Vanasay Khamphommala est dramaturge, performer et chanteuse. Sa compagnie, Lapsus chevelü, « a pour projet de transphormer le monde ». À ce titre, « elle s'intéresse donc à tout ce qui déstabilise les repères établis pour créer des beautés nouvelles. Revendiquant sa nature parasitique, elle s'efforce de faire disjoncter en beauté les systèmes : récits, genres, grammaires. Lapsus chevelü affiche crânement son identité trans* : transculturelle, transdisciplinaire, transgénérationnelle, transcendantale surtout ». Elle « tire à coups de canon sur tous les canons, notamment esthétiques ». Si le projet artistique de Vanasay Khamphommala s'inscrit dans une perspective politique revendiquée, son militantisme est résolument pacifique, emprunt d'une douceur qui tranche avec la virulence de ceux qui peinent à comprendre que la crispation identitaire ne peut pas résoudre les débats sur le genre. L'autre n'est pas un étranger pour l'homme.
Quand avez-vous commencé à explorer la question du genre ?

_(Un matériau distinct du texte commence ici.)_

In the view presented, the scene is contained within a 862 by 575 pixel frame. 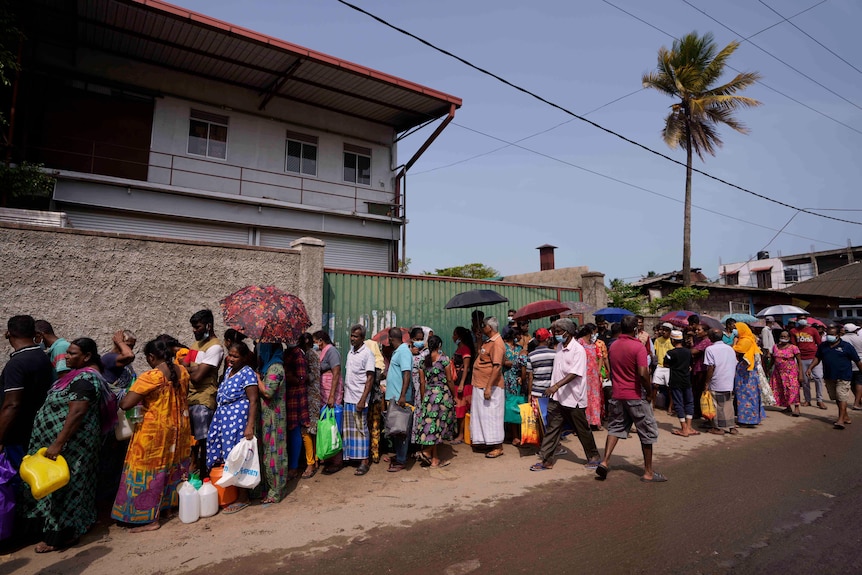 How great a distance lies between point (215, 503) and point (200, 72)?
13.4 m

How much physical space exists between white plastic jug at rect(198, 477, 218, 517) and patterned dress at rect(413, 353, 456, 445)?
7.66 ft

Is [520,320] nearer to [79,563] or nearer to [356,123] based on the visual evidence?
[79,563]

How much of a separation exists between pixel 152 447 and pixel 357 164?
14220 mm

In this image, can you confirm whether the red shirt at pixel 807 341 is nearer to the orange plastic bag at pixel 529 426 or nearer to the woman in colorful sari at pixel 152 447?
the orange plastic bag at pixel 529 426

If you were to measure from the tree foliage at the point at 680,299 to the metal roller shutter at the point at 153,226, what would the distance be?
47.1 feet

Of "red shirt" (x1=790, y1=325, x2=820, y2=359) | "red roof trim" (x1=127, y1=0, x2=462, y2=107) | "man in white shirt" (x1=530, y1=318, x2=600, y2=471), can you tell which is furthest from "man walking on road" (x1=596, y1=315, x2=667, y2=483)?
"red roof trim" (x1=127, y1=0, x2=462, y2=107)

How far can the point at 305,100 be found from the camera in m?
15.3

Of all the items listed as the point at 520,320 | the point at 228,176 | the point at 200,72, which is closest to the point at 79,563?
the point at 520,320

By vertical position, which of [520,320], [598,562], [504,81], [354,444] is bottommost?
[598,562]

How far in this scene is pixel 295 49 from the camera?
12328 millimetres

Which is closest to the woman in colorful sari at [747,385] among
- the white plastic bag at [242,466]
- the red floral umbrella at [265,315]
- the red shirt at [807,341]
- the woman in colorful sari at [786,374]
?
the woman in colorful sari at [786,374]

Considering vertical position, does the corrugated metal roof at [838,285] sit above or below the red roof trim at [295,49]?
below

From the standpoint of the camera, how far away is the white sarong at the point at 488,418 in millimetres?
6316

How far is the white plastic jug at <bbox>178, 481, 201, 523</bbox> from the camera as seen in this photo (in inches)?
167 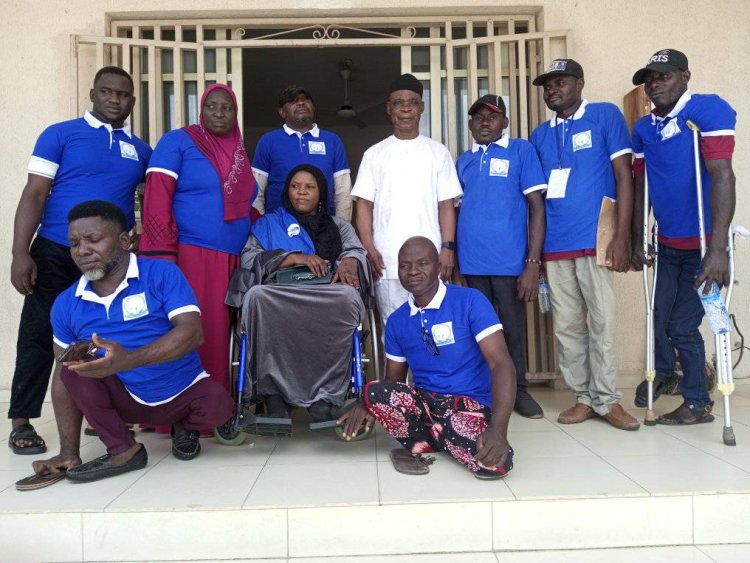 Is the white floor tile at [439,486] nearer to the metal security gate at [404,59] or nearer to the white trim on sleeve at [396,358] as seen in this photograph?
the white trim on sleeve at [396,358]

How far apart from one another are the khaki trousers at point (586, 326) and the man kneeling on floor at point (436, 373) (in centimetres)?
85

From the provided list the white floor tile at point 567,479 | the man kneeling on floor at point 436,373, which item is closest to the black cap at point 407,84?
the man kneeling on floor at point 436,373

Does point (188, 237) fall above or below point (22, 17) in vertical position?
below

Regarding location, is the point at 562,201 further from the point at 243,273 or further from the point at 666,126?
the point at 243,273

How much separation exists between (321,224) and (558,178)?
1.26 m

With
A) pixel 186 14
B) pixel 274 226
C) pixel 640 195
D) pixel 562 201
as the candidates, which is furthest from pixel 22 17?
pixel 640 195

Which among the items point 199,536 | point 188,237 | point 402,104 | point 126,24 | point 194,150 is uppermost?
point 126,24

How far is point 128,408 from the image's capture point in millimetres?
2625

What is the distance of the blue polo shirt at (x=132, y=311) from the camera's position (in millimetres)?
2500

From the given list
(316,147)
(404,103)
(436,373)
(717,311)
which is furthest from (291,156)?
(717,311)

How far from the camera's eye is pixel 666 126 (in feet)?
9.77

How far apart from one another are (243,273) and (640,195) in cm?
205

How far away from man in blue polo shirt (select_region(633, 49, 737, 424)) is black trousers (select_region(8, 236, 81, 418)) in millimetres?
2862

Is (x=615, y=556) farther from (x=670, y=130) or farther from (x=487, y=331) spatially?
(x=670, y=130) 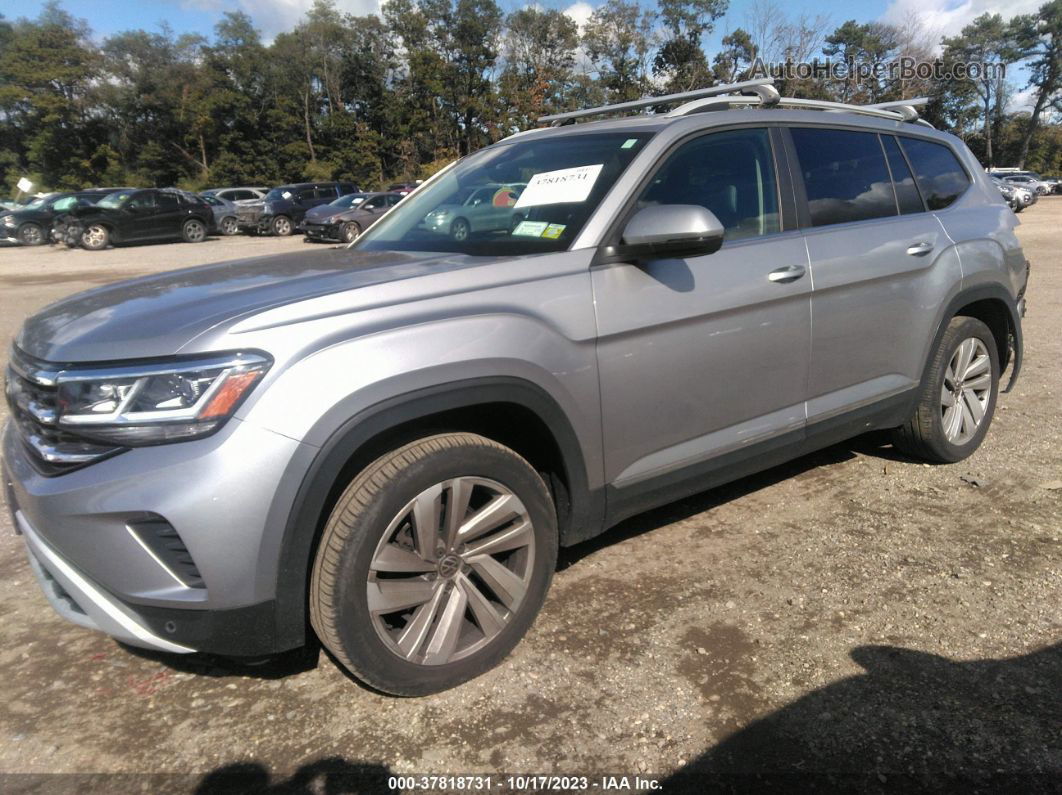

Vanasay Khamphommala : Depuis mes tout premiers débuts au théâtre, puisque le théâtre est l'espace où l'on met les costumes que l'on veut. Dès l'école primaire, au club théâtre de la MJC de Pacé, dans la banlieue de Rennes, j'ai ainsi commencé à découvrir comment je me percevais et comment j'étais perçu. Cette exploration précoce du genre était surtout esthétique (je cherchais ce que je trouvais beau), mais à partir de 2018, la création de la compagnie Lapsus chevelü a politisé cette démarche. Questionner le genre par la mise en scène contribue à le redéfinir : le travail de la compagnie est politique parce qu'esthétique. Il s'agit d'interroger l'impensé politique de nos représentations.
Pourquoi politique ?
Vanasay Khamphommala : Parce que ce travail consiste à redonner de la puissance politique à des figures marginalisées : la crédibilité voire l'intégrité d'une femme trans sont sans cesse questionnées car cette dernière renonce à s'inscrire dans le système binaire, prédominant dans la société. La transition est en cela un parcours de résistance, et, à mes yeux, elle est d'abord une pratique politique, et pas tant le parcours psychologique à laquelle on la réduit souvent. Explorer la transidentité me permet de parcourir des possibilités politiques et poétiques qui s'ouvrent à moi. Le monde est beaucoup plus divers que ce que le binarisme nous fait croire. Le mouvement trans et intersexe atteste que le binarisme est une fiction politique qui se fait passer pour la réalité : en dehors des stéréotypes, deux femmes ne se ressemblent pas plus qu'un homme et une femme, a fortiori lorsqu'on intègre d'autres prismes pour observer le réel (le prisme de la race, de la classe ou du handicap, entre autres).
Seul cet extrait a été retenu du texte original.